Welche familienbewusste Maßnahme legen sie Unternehmen für
das Audit beispielsweise nahe?

Ein Problem für Akademikerinnen ist oft, dass sie in Teilzeit nur Stellen mit wenig Verantwortung und weniger qualifizierten Aufgaben angeboten bekommen. Das heißt, Ressourcen werden verschwendet, und das schlägt sich negativ auf den Arbeitsmarkt nieder. Ein Lösungsansatz könnte Job-Sharing sein. Das bedeutet, eine Führungsposition wird in zwei Teilzeit-Stellen aufgeteilt und deckt damit einen ganzen Arbeitstag ab. Das bedeutet auch, es gibt nicht nur einen Ansprechpartner für ein Sachgebiet, der möglicherweise kurzfristig ausfällt und dann nicht erreichbar ist, sondern immer eine adäquate Vertretung. Und in den seltensten Fällen ist es tatsächlich nötig, dass eine Führungskraft in Vollzeit anwesend sein muss – das ist halt in unseren Köpfen so verankert. Wenn der Laden läuft, obwohl nur 80 Prozent oder weniger Führung stattfinden, ist diese Abkömmlichkeit oft vor allem ein Problem für die Führungskraft selbst.

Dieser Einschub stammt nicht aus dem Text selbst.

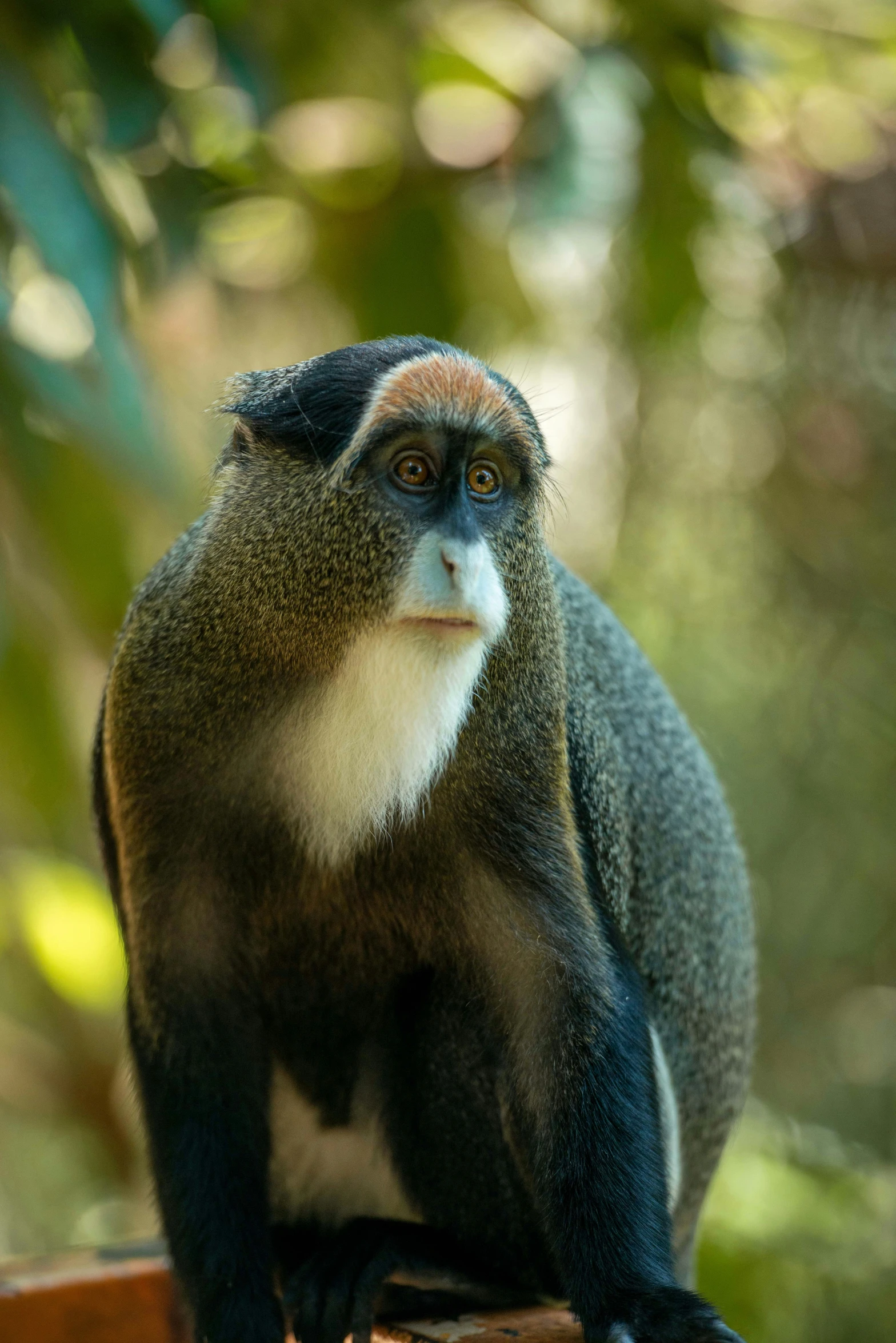 a long - haired monkey is perched on a wooden table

Wie viele Organisationen sind in Deutschland von Ihnen zertifiziert?

Derzeit sind es knapp 1.000 Organisationen, davon etwa die Hälfte Unternehmen und die andere Hälfte Institutionen und Hochschulen. Es sind zum Beispiel alle Bundesministerien und viele obere Bundesbehörden zertifiziert. Die meisten Zertifikatsträger kommen von sich aus auf uns zu, entweder, weil sie von der guten Sache überzeugt sind und / oder, um sich als Arbeitgeber attraktiver aufzustellen. Der öffentliche Dienst kann, was die Gehälter angeht, mit der freien Wirtschaft oft nicht konkurrieren und braucht deshalb andere Vorzüge. 1.000 Organisationen klingt zunächst nicht nach wahnsinnig viel, aber es wird ja ein gewisses Engagement erwartet, und das Audit kostet etwas, es stellt eine bewusste Investition dar und hat eine Verbindlichkeit – wenn alle mitmachen würden, wäre es kein Alleinstellungsmerkmal mehr.